I’m sure many of you have at one point or another sat at home or in the pub, planning what kind of society you would build if you had the chance. Have you ever considered what it would look like? It’s important. What a building, sign, town looks like reflects what values we want as a society. Why do you think neo-classical themes are so universally popular? It’s a style which makes a statement about upholding “ancient virtues”, or whatever you want to call them. Now I’ve been to Russia, I’ve seen the Kremlin and the Winter Palace. They’re pretty damn opulent – velvet and gold everywhere. The door handles in the Winter Palace (now the Hermitage) are frickin’ eagles feet holding gemstones. Even as a Brit used to a bit of royal pomp, it’s ridiculous.
And suddenly, that’s all over. Those in charge are directly commanding the old to be thrown out, and for something new to take its place. No wonder pieces like Black Square suddenly became iconic: you can’t get a much more dramatic replacement for religious imagery.
Now to continue the exercise, let’s imagine the other changes going on in society at the time. There’s increasing mechanisation & industrialisation, for example. In Russia, a country with a huge farming population, this had the potential to be massive (the fact that it wasn’t yet is kind of why even Marx thought Communism was doomed to fail there, but that’s for another time). If you lived in a city there were signs of this modern world in every shop and on every street. Bring together technology and the progressive politics of the Communists, and you get Constructivism.
The thing which I find most inspiring about the Constructivists is that they absolutely intended their style to become the visual norm for the new world they were building. A lot of their work and influence can be seen in posters. Posters were the perfect medium for communism – cheap to print, easy to distribute, and could be hung anywhere and everywhere.
From the two posters above (click pictures for captions) you can tell just how radically different from the past the Constructivist style was. There’s nothing ornate or opulent here – instead it’s all clean lines, bold shapes and eye-catchingly simple colour schemes. It’s art which screams about something new (in the case of the Rodchenko, almost literally). Yet it’s also surprisingly relatable. You don’t need to be an expert in politics to understand exactly what Beat the Whites with the Red Wedge’s political point is.
They had bigger ambitions, too. I mentioned seeing Tatlin’s Tower in Stockholm, which has to be discussed. Designed to hold the headquarters of the Third International government, you couldn’t really get much stylistically further from the Winter Palace – and this was meant to be much, much bigger. Stretching skywards as a symbol of potential, the what might be. What an icon it would have been if built!
But of course, it never was.
After a while, the government decided this was all a bit too radical. What they needed, they decided, was propaganda to appeal to the masses, most of whom were completely detached from the cultural life of Moscow and St Petersburg. So art got safer, turned more obviously into propaganda.

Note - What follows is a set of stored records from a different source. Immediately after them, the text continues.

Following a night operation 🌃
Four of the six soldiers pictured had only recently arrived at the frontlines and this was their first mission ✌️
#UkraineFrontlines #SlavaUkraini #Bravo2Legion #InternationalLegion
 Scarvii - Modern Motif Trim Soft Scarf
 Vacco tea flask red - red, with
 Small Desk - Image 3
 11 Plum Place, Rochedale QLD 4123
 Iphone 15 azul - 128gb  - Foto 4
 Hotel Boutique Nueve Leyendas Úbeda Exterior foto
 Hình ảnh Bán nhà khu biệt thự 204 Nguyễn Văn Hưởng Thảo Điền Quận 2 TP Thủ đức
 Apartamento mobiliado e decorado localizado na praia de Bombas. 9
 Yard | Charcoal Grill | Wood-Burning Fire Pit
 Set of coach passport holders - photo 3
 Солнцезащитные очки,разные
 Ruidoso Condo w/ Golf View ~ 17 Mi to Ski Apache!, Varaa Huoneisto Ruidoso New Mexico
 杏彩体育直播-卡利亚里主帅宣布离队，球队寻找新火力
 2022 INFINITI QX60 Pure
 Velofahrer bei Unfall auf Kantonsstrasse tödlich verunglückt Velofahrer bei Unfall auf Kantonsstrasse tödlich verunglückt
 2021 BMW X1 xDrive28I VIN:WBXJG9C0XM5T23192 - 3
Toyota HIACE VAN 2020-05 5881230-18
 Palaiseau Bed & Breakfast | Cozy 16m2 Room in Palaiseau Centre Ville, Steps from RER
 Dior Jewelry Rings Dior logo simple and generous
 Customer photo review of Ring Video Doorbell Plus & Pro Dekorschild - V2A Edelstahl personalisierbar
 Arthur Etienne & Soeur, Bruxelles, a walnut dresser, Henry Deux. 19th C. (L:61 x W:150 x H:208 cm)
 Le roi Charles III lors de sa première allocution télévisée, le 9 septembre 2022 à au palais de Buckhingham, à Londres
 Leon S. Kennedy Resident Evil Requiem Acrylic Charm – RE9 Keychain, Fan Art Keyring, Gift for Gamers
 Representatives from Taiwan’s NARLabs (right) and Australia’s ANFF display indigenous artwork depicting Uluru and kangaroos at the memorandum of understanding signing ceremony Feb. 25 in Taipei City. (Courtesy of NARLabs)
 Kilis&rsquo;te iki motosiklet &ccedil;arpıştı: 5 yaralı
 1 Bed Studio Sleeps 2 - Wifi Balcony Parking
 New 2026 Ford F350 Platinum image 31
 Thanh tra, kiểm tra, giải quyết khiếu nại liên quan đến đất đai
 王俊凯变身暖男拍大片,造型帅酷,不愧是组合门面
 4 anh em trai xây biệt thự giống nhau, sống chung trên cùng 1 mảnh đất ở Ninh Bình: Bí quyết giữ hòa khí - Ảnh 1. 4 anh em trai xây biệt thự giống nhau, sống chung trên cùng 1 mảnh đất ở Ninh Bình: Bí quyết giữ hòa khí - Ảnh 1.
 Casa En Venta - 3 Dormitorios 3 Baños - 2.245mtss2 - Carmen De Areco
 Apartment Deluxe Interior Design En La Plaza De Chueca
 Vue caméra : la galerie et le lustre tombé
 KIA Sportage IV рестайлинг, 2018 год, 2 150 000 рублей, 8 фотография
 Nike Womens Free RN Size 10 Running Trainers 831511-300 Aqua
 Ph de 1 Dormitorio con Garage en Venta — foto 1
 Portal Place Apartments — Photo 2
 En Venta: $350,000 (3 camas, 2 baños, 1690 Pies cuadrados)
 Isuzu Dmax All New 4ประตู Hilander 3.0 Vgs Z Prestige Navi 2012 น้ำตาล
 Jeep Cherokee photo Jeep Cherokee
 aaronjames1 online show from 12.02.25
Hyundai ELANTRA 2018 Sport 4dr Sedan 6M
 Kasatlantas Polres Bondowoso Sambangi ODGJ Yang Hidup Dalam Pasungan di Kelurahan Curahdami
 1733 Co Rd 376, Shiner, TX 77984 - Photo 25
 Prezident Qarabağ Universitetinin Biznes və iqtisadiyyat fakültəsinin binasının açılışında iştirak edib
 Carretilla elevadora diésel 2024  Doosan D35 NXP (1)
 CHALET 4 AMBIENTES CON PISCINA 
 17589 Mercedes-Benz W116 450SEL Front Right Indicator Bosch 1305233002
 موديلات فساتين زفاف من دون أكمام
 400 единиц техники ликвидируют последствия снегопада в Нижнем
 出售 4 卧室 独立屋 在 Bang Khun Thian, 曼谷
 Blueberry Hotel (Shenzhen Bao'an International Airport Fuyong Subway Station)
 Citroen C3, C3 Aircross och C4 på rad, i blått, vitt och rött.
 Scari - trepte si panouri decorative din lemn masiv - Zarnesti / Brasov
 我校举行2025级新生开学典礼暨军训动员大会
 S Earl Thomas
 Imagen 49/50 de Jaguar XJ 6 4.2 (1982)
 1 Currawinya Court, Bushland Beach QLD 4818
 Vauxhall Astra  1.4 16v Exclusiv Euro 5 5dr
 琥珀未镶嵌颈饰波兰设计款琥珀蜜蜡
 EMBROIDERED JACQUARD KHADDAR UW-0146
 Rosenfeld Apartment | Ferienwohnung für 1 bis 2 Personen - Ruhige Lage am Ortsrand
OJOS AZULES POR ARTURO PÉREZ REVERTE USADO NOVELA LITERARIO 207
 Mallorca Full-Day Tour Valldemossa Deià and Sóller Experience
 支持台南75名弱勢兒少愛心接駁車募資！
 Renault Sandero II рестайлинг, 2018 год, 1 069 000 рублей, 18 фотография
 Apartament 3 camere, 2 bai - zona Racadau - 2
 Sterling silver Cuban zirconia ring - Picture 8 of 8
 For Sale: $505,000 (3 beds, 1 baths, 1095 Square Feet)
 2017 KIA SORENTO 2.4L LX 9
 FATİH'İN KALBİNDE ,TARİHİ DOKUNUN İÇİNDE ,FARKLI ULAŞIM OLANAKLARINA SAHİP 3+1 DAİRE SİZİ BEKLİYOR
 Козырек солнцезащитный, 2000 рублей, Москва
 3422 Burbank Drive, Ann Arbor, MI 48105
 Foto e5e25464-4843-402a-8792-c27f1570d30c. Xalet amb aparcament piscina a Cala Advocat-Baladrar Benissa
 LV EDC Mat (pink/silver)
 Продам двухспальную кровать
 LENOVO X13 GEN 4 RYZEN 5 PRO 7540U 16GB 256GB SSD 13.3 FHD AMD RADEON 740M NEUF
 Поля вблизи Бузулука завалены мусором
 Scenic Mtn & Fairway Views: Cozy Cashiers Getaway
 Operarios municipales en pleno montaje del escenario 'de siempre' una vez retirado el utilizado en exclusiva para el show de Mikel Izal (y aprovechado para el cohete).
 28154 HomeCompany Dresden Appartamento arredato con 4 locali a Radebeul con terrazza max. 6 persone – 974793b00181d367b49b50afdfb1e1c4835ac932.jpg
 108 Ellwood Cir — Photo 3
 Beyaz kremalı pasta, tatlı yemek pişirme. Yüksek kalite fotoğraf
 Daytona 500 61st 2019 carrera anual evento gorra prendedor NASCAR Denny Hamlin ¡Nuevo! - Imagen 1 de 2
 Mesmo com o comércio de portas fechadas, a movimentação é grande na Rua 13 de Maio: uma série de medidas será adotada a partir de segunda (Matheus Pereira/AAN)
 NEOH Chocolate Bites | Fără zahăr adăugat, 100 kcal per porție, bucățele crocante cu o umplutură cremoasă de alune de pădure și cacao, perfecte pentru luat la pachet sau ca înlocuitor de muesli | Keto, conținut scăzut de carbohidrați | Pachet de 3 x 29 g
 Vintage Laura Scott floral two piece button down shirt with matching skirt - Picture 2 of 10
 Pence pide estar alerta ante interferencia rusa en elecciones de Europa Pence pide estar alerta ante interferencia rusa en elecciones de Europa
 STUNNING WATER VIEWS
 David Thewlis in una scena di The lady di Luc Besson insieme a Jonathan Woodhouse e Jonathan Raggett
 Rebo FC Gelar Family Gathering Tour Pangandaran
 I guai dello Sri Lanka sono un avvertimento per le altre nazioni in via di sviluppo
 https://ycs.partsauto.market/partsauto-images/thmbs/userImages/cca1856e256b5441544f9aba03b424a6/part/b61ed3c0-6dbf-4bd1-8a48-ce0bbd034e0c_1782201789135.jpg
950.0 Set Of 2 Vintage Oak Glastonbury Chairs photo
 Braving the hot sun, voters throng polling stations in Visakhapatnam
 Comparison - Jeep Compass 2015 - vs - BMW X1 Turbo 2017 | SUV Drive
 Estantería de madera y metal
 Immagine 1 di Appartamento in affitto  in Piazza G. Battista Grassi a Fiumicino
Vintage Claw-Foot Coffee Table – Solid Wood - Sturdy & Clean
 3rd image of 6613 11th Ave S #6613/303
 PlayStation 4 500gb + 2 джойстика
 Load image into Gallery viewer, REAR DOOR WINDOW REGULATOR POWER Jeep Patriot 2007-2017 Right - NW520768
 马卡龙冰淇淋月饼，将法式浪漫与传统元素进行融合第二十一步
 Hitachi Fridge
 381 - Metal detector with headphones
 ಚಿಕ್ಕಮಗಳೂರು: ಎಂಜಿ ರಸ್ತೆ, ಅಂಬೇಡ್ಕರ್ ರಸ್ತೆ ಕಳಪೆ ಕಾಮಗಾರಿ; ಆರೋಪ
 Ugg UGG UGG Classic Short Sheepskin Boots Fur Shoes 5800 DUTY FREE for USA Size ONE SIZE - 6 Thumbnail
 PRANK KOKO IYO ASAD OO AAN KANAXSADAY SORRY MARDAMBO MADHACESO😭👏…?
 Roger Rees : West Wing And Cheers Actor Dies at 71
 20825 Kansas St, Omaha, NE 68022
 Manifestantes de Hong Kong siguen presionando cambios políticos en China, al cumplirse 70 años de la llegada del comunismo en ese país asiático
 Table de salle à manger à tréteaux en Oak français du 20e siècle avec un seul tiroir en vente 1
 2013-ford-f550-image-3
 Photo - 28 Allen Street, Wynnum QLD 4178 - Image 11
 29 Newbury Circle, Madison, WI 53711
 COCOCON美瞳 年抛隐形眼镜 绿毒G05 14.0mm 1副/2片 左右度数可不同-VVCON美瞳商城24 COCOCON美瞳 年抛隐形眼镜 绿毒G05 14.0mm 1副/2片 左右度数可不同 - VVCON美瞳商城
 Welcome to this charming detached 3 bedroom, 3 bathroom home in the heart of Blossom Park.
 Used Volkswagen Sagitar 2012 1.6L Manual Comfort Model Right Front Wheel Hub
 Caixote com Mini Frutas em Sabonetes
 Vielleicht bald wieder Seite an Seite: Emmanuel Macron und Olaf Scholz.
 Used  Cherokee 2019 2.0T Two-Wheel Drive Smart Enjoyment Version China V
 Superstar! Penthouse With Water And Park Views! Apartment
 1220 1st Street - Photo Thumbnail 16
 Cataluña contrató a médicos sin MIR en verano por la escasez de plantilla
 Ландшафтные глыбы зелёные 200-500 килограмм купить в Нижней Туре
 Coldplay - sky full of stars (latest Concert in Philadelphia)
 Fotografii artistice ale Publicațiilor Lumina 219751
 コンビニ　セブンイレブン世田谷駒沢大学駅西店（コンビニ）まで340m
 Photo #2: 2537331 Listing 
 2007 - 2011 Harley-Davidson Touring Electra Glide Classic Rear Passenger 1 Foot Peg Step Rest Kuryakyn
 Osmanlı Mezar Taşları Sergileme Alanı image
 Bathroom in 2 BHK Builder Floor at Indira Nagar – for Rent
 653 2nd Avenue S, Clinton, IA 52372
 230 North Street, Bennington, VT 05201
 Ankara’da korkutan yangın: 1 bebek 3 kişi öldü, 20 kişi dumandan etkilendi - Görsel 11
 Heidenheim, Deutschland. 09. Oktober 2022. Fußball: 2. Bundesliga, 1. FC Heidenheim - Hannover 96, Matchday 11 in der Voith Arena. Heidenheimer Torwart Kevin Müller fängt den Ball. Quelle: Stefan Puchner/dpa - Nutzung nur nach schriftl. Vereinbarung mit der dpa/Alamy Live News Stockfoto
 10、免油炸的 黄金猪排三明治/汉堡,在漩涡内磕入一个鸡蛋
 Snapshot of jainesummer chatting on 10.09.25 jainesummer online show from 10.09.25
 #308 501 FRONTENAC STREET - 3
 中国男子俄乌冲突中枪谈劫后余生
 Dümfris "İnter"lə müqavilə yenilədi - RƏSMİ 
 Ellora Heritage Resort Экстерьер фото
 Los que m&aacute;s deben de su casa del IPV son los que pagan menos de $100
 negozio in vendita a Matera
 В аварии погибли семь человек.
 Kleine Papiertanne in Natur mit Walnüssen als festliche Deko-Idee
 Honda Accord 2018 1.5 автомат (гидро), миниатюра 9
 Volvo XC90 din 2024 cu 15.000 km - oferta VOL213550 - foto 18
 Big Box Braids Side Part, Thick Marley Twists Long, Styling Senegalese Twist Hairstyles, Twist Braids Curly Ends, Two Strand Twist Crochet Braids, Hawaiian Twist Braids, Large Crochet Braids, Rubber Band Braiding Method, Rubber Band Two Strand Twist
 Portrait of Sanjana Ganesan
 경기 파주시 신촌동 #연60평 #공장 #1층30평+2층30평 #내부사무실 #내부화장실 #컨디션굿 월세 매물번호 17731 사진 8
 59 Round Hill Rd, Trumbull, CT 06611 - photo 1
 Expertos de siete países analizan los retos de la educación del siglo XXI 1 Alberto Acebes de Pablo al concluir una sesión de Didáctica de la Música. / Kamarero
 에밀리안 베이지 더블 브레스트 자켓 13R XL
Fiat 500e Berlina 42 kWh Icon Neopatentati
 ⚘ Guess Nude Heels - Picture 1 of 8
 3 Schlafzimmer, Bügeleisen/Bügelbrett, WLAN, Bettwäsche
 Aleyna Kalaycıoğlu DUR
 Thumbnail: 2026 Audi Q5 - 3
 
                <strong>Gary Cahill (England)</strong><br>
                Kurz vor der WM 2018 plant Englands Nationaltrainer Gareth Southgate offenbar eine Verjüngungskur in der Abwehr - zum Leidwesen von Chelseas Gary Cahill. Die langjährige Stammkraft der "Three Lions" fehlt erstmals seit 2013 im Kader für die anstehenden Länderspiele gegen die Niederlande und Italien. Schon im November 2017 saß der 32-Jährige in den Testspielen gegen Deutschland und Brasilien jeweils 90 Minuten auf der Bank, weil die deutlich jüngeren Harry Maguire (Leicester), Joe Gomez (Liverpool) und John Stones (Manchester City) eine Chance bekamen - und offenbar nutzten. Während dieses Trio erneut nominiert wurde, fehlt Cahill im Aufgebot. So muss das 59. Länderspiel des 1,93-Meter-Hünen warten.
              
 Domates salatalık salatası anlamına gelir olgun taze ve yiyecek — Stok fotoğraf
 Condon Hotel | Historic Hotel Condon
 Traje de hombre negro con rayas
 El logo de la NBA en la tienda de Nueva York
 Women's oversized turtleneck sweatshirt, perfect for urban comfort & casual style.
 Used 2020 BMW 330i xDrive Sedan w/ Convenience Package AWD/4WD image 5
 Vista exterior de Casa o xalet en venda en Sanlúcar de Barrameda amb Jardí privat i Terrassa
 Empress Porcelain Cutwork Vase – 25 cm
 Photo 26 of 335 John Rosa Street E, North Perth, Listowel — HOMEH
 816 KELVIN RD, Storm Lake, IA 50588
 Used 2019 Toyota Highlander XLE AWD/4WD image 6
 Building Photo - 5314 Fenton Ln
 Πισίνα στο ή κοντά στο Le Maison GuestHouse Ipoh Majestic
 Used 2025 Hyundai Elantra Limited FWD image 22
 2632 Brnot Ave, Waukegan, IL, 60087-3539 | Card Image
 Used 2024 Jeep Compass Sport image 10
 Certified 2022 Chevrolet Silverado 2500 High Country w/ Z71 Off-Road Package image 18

And though their influence can still be seen in many of those “kitsch” Soviet images from the 1930s onwards, I consider it to be a wasted opportunity. It must have been so exciting to be able to be part of creating something brand new, dreaming of a freedom of expression which could only have been imagined before – only to be told this wasn’t what was wanted after all. What a shame.
But their style did make an impact in other countries too, with some Constructivist artists going to work with movements like the Bauhaus. And I discussed them in relation to Krasinski because I felt there were parallels to be made between his experiments with form, position and light, and what the Constructivists were doing (I could write a whole other article about Constructivist theatre and cinema as part of this, which would be relevant here too). Movements come and go, but ideas stick around. We’re just left to imagine the future that might have been.